Montana Mining Properties, Inc. v. Asarco, Inc.

893 P.2d 325, 270 Mont. 458, 52 State Rptr. 284, 1995 Mont. LEXIS 63
CourtMontana Supreme Court
DecidedApril 11, 1995
Docket94-394
StatusPublished
Cited by4 cases

This text of 893 P.2d 325 (Montana Mining Properties, Inc. v. Asarco, Inc.) is published on Counsel Stack Legal Research, covering Montana Supreme Court primary law. Counsel Stack provides free access to over 12 million legal documents including statutes, case law, regulations, and constitutions.

Bluebook
Montana Mining Properties, Inc. v. Asarco, Inc., 893 P.2d 325, 270 Mont. 458, 52 State Rptr. 284, 1995 Mont. LEXIS 63 (Mo. 1995).

Opinion

JUSTICE NELSON

delivered the Opinion of the Court.

Plaintiff and Appellant, Montana Mining Properties (hereinafter MMP), appeals from a decision and order of the Second Judicial District Court, Silver Bow County, granting Defendants’ and Respondents’ Dennis R. Washington, Montana Resources, Inc. and Montana Resources, a general partnership (hereinafter Washington), motion for summary judgment. We reverse and remand for trial.

MMP raises four issues on appeal, however, we shall only address one issue, as that issue is dispositive. We state the issue as follows:

1. Whether the District Court erred in granting Washington’s motion for summary judgment where genuine issues of material fact exist regarding MMP’s alleged breach of contract, and regarding Washington’s waiver of the claimed right to terminate the contract.

Washington and MMP entered into a contract dated January 27, 1987, which was executed in June 1987, wherein Washington agreed to sell, and MMP to buy two mining properties and equipment located in Butte, Montana. The first property, known as the “Main Butte Property,” was sold to MMP for three million dollars in cash. The parties agree that this sum has been paid. The second property, known as the “North Butte Property,” sold for $500,000, and the equipment on the property was sold for three million dollars. The contract provided that half of the price of the equipment (1.5 million dollars) was to be paid in cash, and there is no dispute that this part of the contract was performed.

The dispute arose from the agreement provisions concerning the $500,000 payment for the “North Butte Property’ and the 1.5 million dollar payment, which represents the balance for the price of the equipment. According to the agreement, these amounts were to be paid to Washington in:

[U]nrestrieted free trading common stock of a corporation or corporations, which have directly or indirectly through a subsidiary corporation, an interest in any part of the property referred to under this Agreement....

“Butte Mining PLC,” was the public company from which the stock was to be issued.
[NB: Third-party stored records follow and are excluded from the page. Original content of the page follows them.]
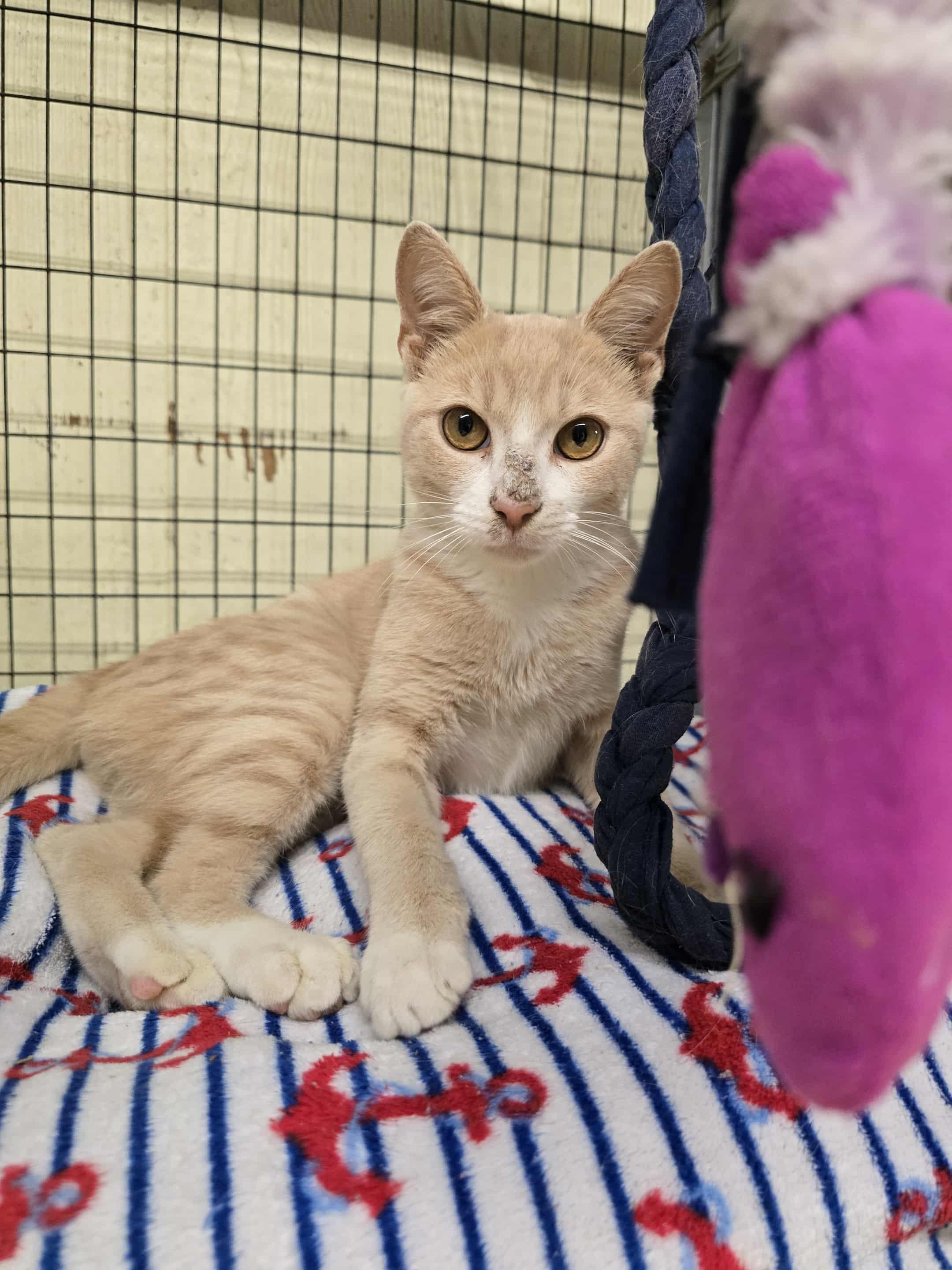 Bones, a Adoptable Domestic Short Hair image 2/5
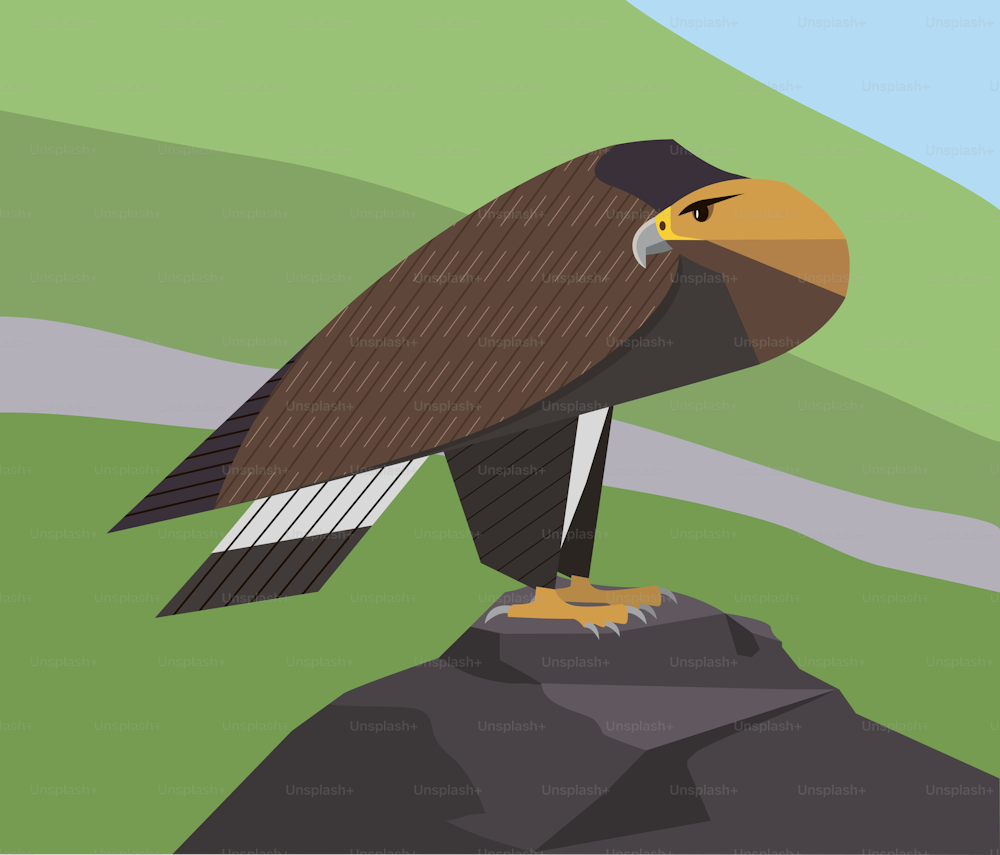 Golden Eagle is sitting on a rock and is vigilantly looking around on a green mountains background, minimalist image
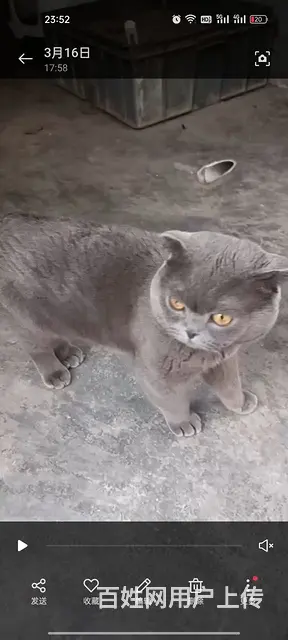 蓝猫公一只 - 图片 1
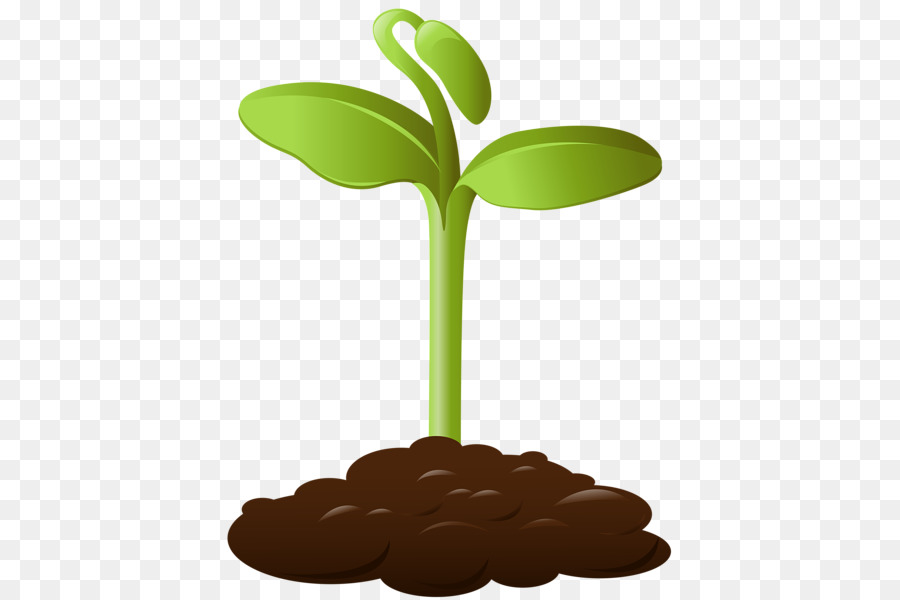 Planta，Hojas PNG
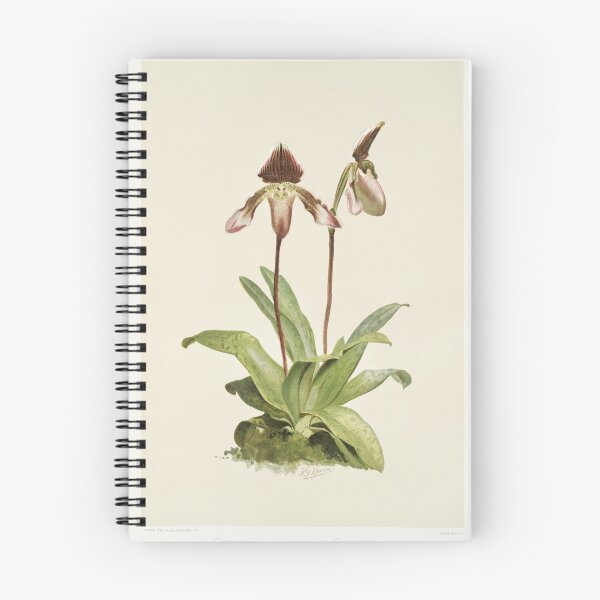 Item preview, Reichenbachia: Orchids Illustrated and Described designed and sold by EsotericBotanic.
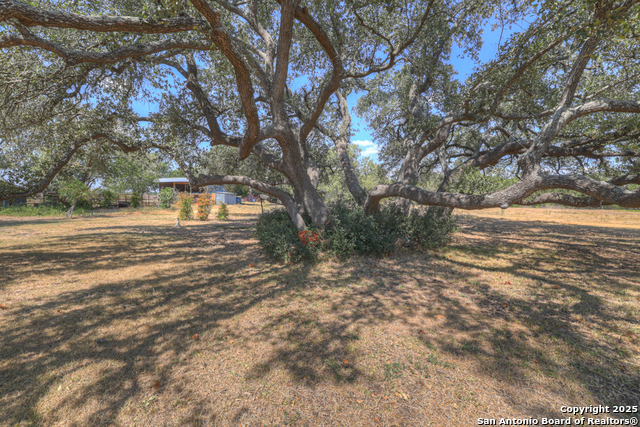Image 50 of 50 For 255 Brehm Ln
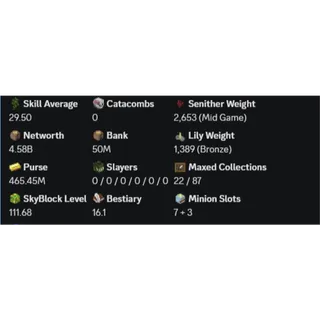 Hypixel Skyblock MINING ACCOUNT | VIP RANK | NETWORTH 4B ALL UNSOULBOUND | HOTM 10 | SB LVL 111
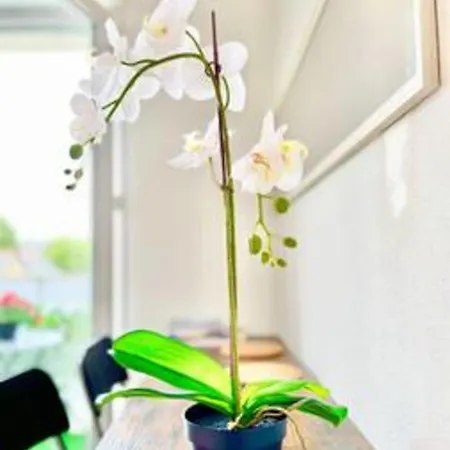 The White Lion Downtown And Balcony Saint-Nazaire (Loire-Atlantique)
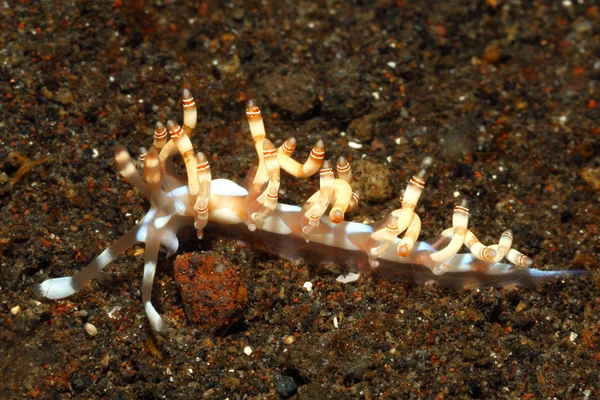 Nudibranch, Samla bilas — Zdjęcie stockowe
Butte Mining PLC was organized and promoted in London by Clive J. Smith who was one of four joint venturers who controlled MMP. The joint venture used MMP as a vehicle to acquire *461 mining properties that were then transferred to Butte Mining PLC. Shares in this company were then sold in public stock offerings.

Payment for the “North Butte Property” was to be made “in a timely fashion” but in no event was the purchase payment to exceed ten months from the date of the agreement. Payment for the equipment was to be made “on or before the 21st day of September, 1987.” The agreement expressly provided that time was of the essence with respect to the payments, and it contained an express termination clause, wherein Washington was entitled to terminate the contract in the event of default. The agreement granted to MMP a “first right of refusal to acquire an interest in any mineral property owned by Washington in the Butte Mining District.”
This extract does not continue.